Dans Paraboles, comme dans le film de Van der Keuken d’ailleurs, les musulmans se préparent à célébrer l’Aïd. Le cheikh Mohamed Khattab et sa famille préparent des sacs de riz et de viandes qu’ils distribueront aux habitants les plus démunis. Ils s’inquiètent de ce que les fondamentalistes se sont mis en besogne de faire la même chose cette année, dans l’espoir de se rallier le soutien des plus pauvres. Mohamed Khattab est contraint de céder sa place à la mosquée à l’un des partisans de cet islamisme radical. Emmanuelle Demoris, qu’il avait autorisée à venir filmer ses prêches, n’y est plus admise par les fondamentalistes. À l’opposé du regard d’un voyageur curieux engagé dans une émigration « à l’envers », Paraboles enregistre les mouvements sociaux depuis le cœur d’une communauté, celle des habitants du Gebel et révèle des réalités en contradiction avec les craintes suscitées par une islamisation des sociétés arabes. Le cheikh Khattab retrouve bientôt ses fonctions à la mosquée, les habitants de Mafrouza l’ayant désertée parce qu’ils n’aimaient pas le discours du nouvel Imam. Au terme de cette expérience de longue haleine au sein de la petite communauté, on voudrait s’enquérir des nouvelles de ses habitants aujourd’hui, après la destruction du bidonville en 2007 et leur relogement dans un quartier de HLM à la périphérie de la ville, et surtout après la révolution qui a vu le renversement du régime de Moubarak ces derniers mois.
Léopard d’Or des Cinéastes du Présent au dernier festival de Locarno, Mafrouza apparaît comme une « anthropologie des mondes contemporains », non pas au sens où le film tenterait de documenter un travail ethnographique sur une petite communauté égyptienne, mais parce qu’il interroge sans cesse la réflexivité du regard porté sur l’autre.
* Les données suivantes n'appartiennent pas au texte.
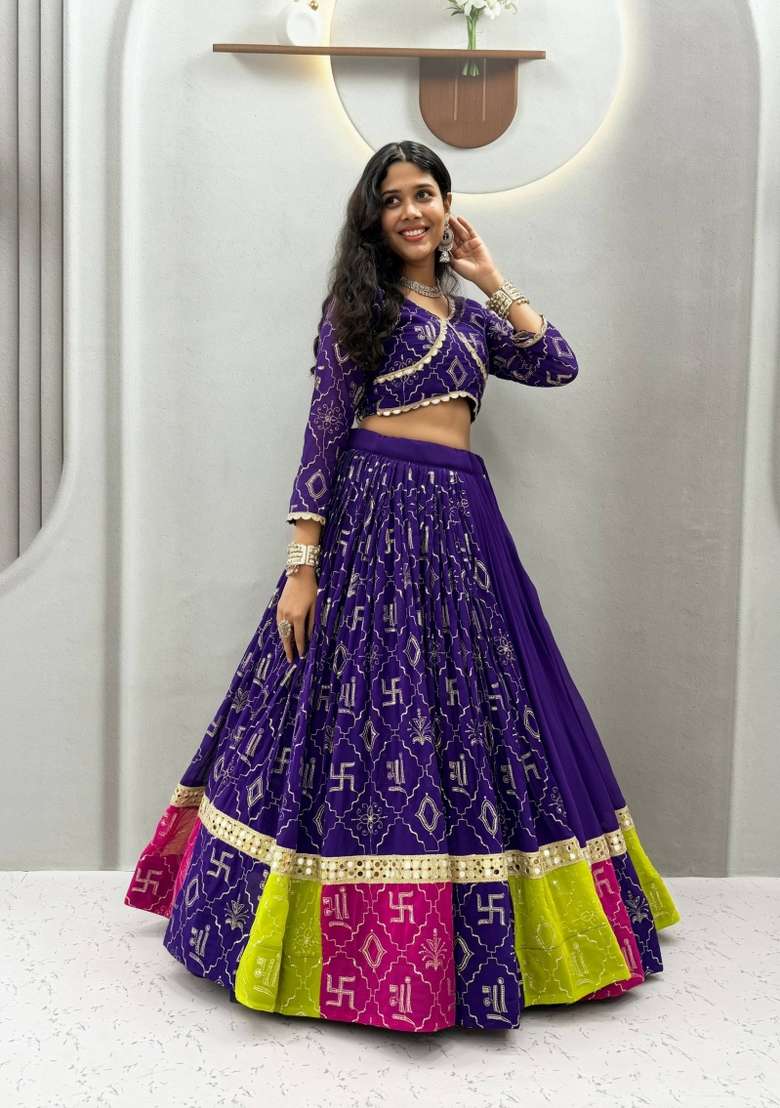 Purple Embroidery Georgette Lehenga Set for Diwali and Festive Wear - Indya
En filmant les habitants de Mafrouza, Emmanuelle Demoris accepte en même temps qu’ils la regardent, avec curiosité, soupçon, amitié, et parfois colère. Loin des théories d’un bassin méditerranéen en proie aux chocs des civilisations ou aux guerres de religion, Mafrouza dévoile un monde où les combats se mènent contre la fatalité plutôt qu’entre les hommes.